The data was more encouraging than the 12-month results, which the companies released last December, in which they failed to find a meaningful difference in the people who were treated compared to the people who were not. But the longer time period showed some encouraging declines in the amount of amyloid in the brain, and some hopeful slowing of cognitive decline in the people receiving the drug.
Of nearly 900 people randomly assigned to receive one of several doses of BAN2401 or placebo, those receiving the highest dose, 10 mg/kg bi-weekly, showed anywhere from 30% to 47% slower decline in two different batteries of cognitive tests that assessed memory, word recall and other functions. And among those who got the drug, 81% converted from showing positive amyloid in brain scans at the beginning of the study to becoming negative for amyloid after 18 months. That’s promising, since researchers believe that amyloid is a key contributor to the deteriorating brain functions typical of dementia and Alzheimer’s.
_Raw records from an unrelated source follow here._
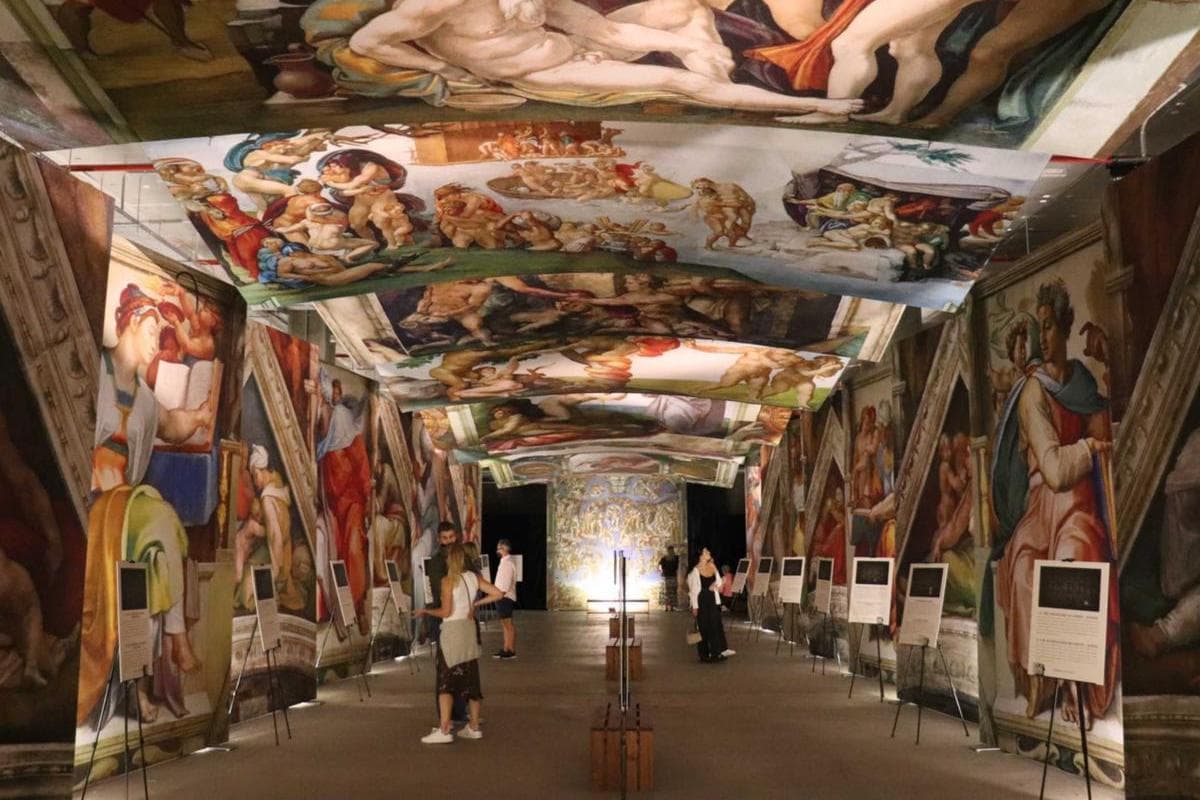 Michelangelo's Sistine Chapel: The Exhibition Opens In Fremantle This ...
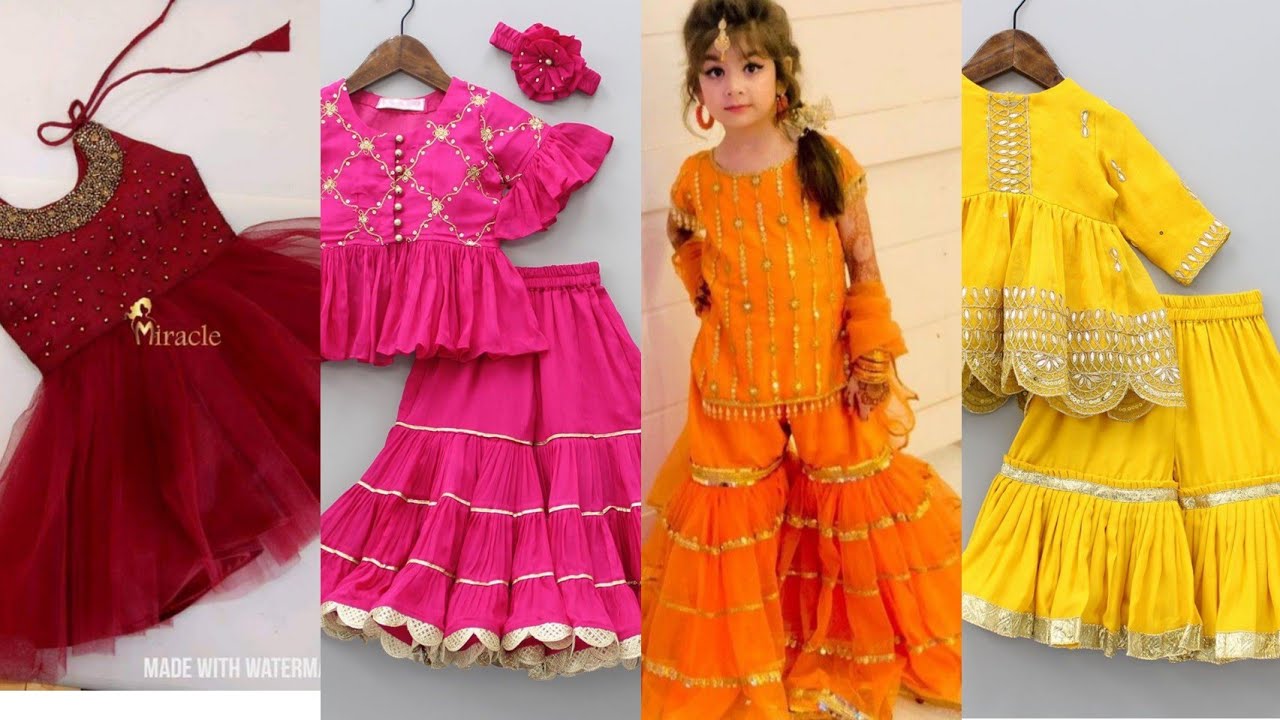 Baby dress design 2022 summer dress frock design YouTube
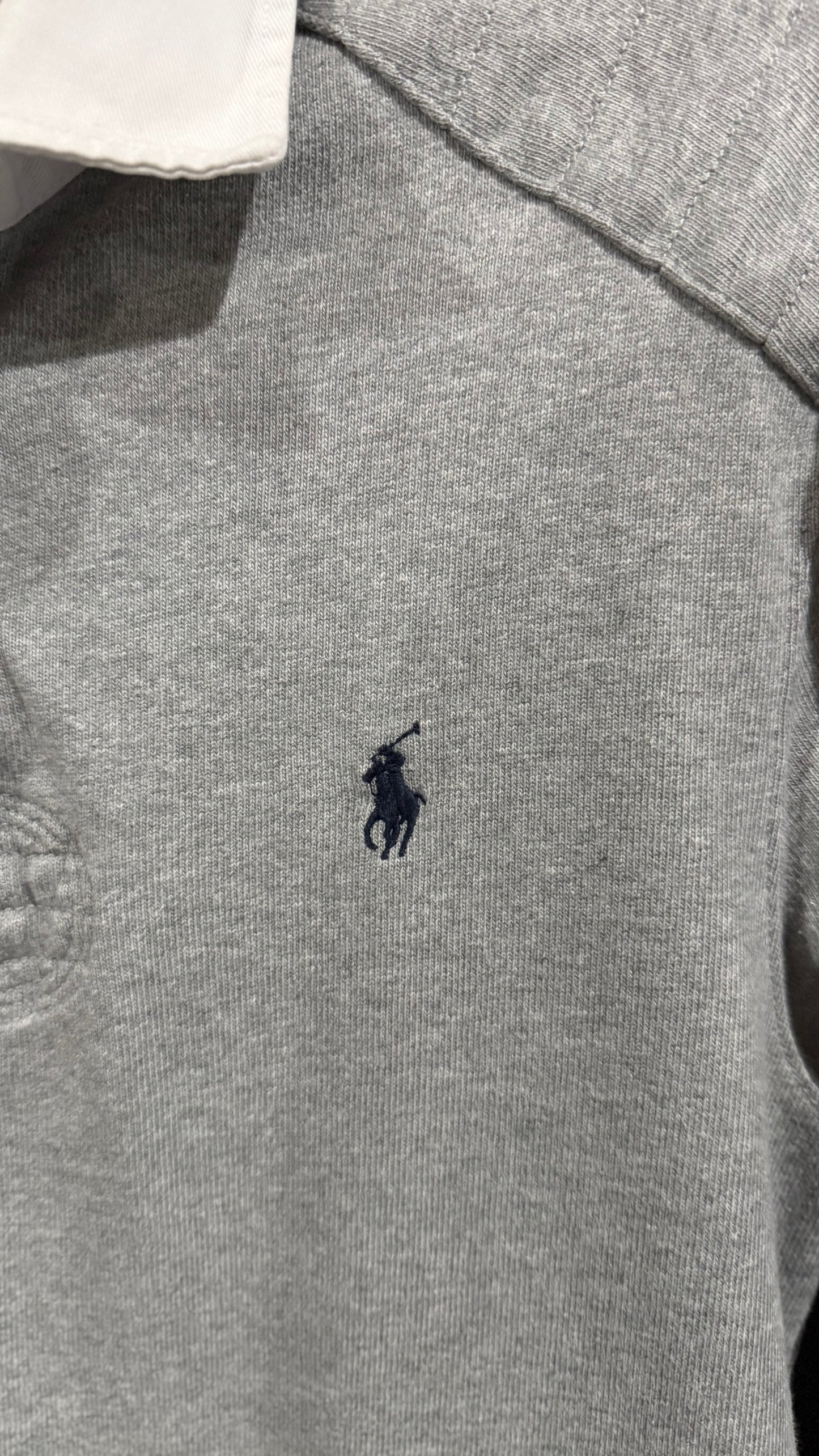 Polo Ralph Lauren Custom Fit Grey Rugby Small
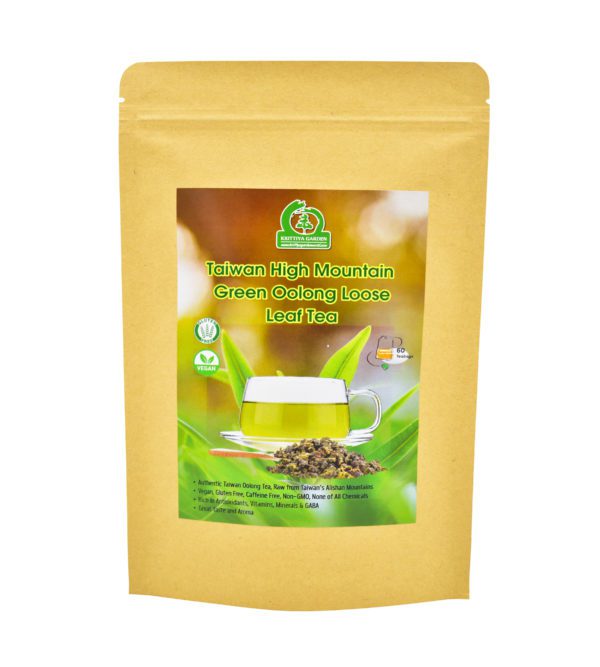 Taiwan High Mountain Green Oolong Loose Leaf Tea Front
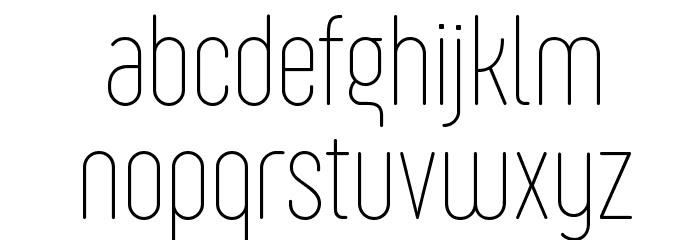 Sugo Pro Display Trial Thin Font LOWERCASE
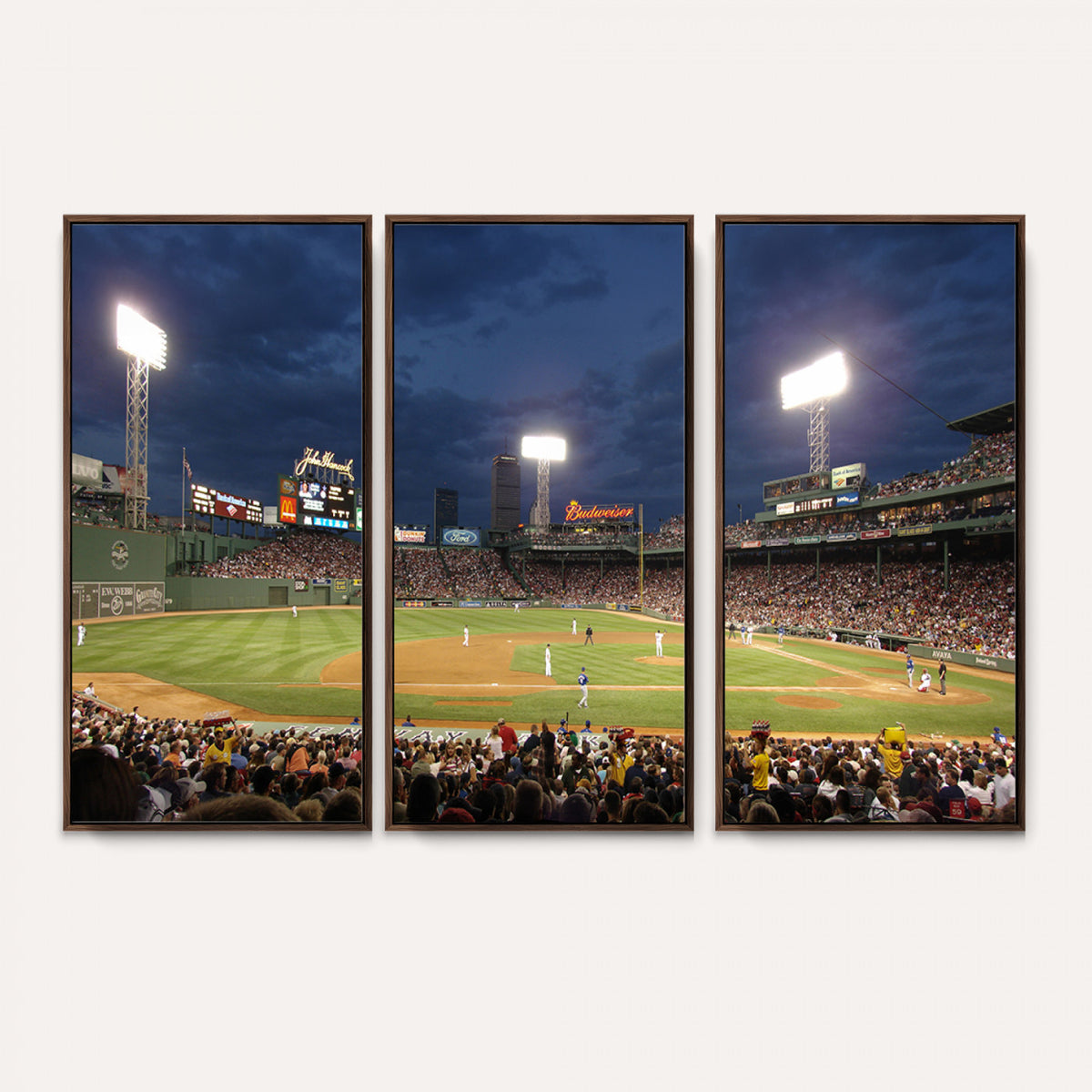 85099-MGV-CV-36X24 - Boston Red Sox Baseball Team Print Canvas, Massachusetts Fenway Park Stadium Wall Art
The results should serve as a catalyst for hope after years of frustration. BAN2401 belongs to a group of drugs that could be the first to treat Alzheimer’s rather than simply address its symptoms, as current therapies do. By reducing the buildup of amyloid plaque in the brain, the drug could slow the progression of the disease, and, if introduced early enough, perhaps even help some people to avoid its most devastating symptoms of memory loss and cognitive decline.
More data needs to be collected on BAN2401 in coming years, as it moves into the next phase of human testing. Researchers said they will continue to analyze the data with specifics to when during the disease process the drug is started, as well as whether people were taking other treatments for Alzheimer’s symptoms.
The Alzheimer’s Association noted that BAN2401 is the second experimental drug to show effectiveness in reducing amyloid burden in the brain. The first was aducanumab, which is also being developed and tested by the same two companies in a more advanced phase 3 trial. Final results from that study are expected in 2020.
If both experimental drugs continue to show promise in reducing amyloid in the brain and, perhaps just as important, in slowing the decline of cognitive skills such as memory, the drugs could become important as a preemptive strike against Alzheimer’s. Experts may consider using the drugs even earlier in the disease; advances in ways to diagnose Alzheimer’s as early as possible, even before memory symptoms start to become obvious, could make earlier treatment possible too.